[[ DATA SECTION, beginning ]]

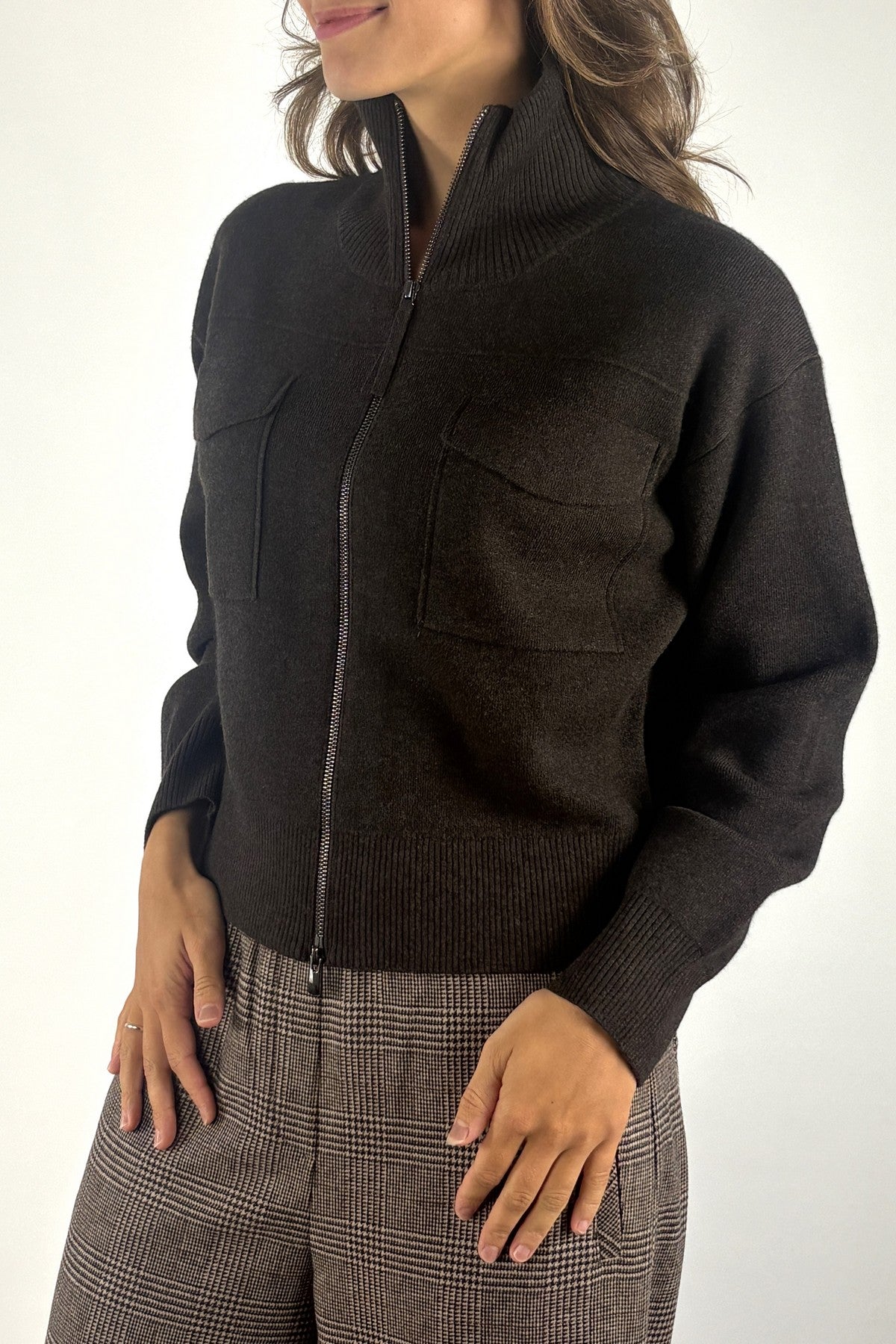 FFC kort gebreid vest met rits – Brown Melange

[[ DATA SECTION, end ]]
[[ DATA SECTION, beginning ]]

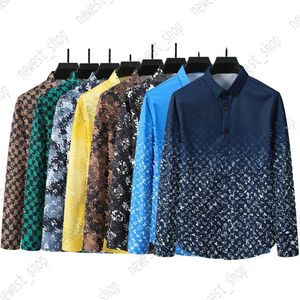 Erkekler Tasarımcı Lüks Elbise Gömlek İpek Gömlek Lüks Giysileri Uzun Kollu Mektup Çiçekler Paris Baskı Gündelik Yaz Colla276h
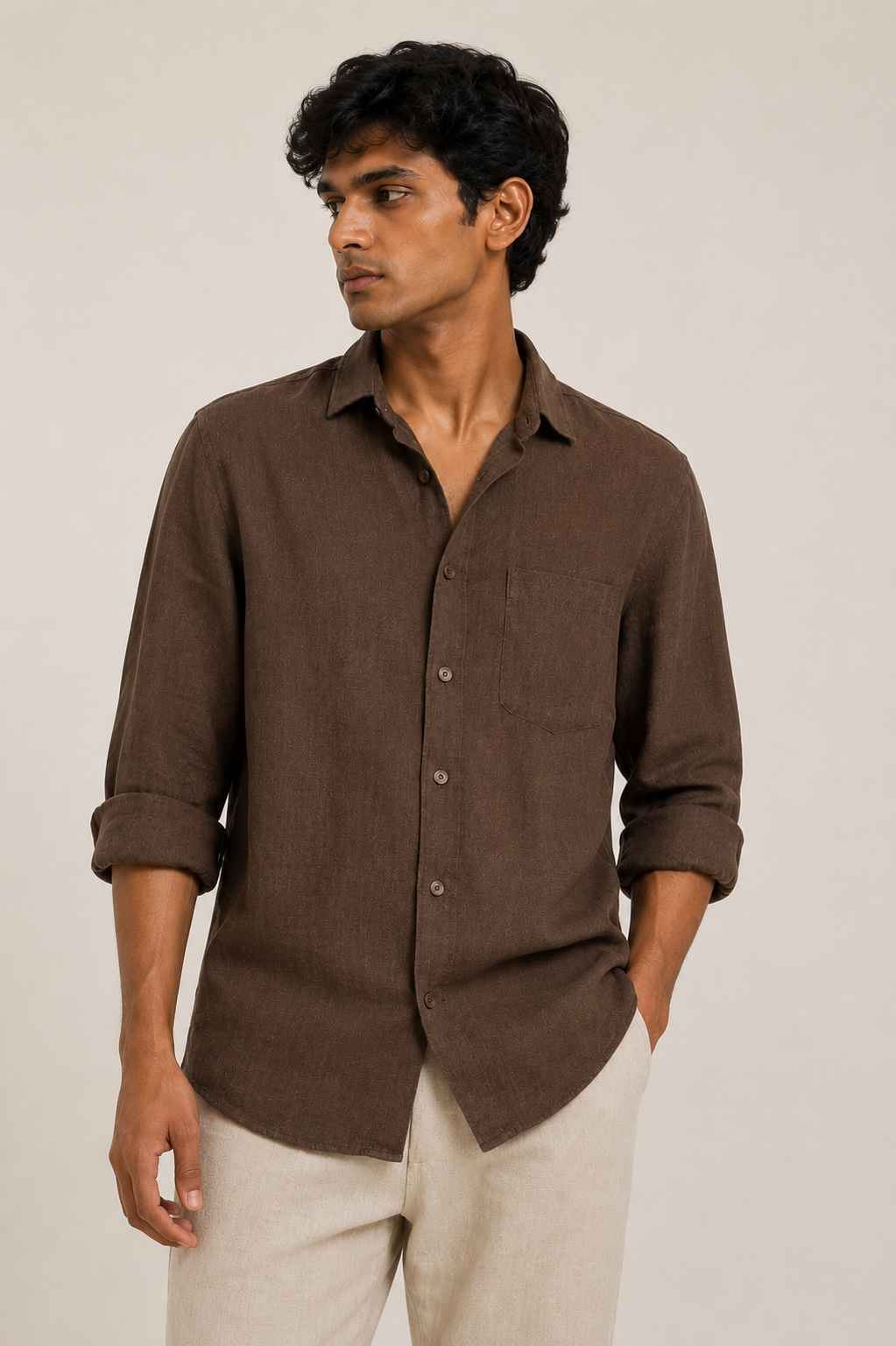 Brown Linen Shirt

[[ DATA SECTION, end ]]

**WORK REQUEST:**
Within the listing above, the lines starting at the one containing "Erkekler Tasarımcı Lüks" and ending at the one containing "Brown Linen Shirt" are to be returned exactly. Omit the pictures.

**SOLUTION:**
 Erkekler Tasarımcı Lüks Elbise Gömlek İpek Gömlek Lüks Giysileri Uzun Kollu Mektup Çiçekler Paris Baskı Gündelik Yaz Colla276h
 Brown Linen Shirt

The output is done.